Terry Riley discussed Yoshio Taniguchi’s building as the next major datapoint in the generations-long experiment of how architecture should address modern and contemporary art. In contrast to the Guggenheims, which engage art with their own influential, expressive intent, MoMA’s buildings–almost since its founding–has served as a “machine in the service of art,” emphasizing flexibility and utility.
After the powerful statement of Bilbao, Taniguchi’s MoMA, Riley said, “restabilizes” and reinvigorates this debate. And it does it with “logic” and “tradition,” some of the same principles contemporary artists worked against when making their art.
Nevertheless, Riley predicted people “will be shocked” by the vitality and dynamism these allegedly “conservative” principles bring.

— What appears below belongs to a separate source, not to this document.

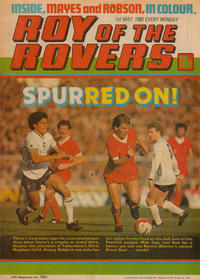 Cover Thumbnail for Roy of the Rovers (IPC, 1976 series) #1 May 1982 [285]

On the art front, Ann Temkin, a curator from Painting & Sculpture, revealed that “Art History 101,” MoMA’s longstanding, authoritative chronological approach to displaying its renowned collection would return in November, albeit in expanded form. The thematic experiments of the MoMA2000 shows and the Tate Modern’s idea-driven installations seem to have reinforced the curators’ belief that MoMA’s uniquely deep and broad collection come with the unique responsibility to attempt to show this history. They’re doing it because they’re almost literally the only ones who can.
The “core historical collection” as taken in another generation, and art from the last 30+ years–which is still in process and historical flux–will be shown in consecutive 9-month views. Beyond these accretions and intentional change, the space, the vistas, the juxtapositions and potential paths generated by the new building are probably the greatest difference.
I’ve been in the almost completed building, and it is literally jaw-dropping. The atrium and the contemporary galleries are massive, and even the upper, historical galleries feel huge. MoMA’s got an unparalleled collection, sure, but I have to think that the building’s–the institution’s–new monumentality may end up overwhelming and subsuming many of the works we remember quite intimately. Some may even find it shocking.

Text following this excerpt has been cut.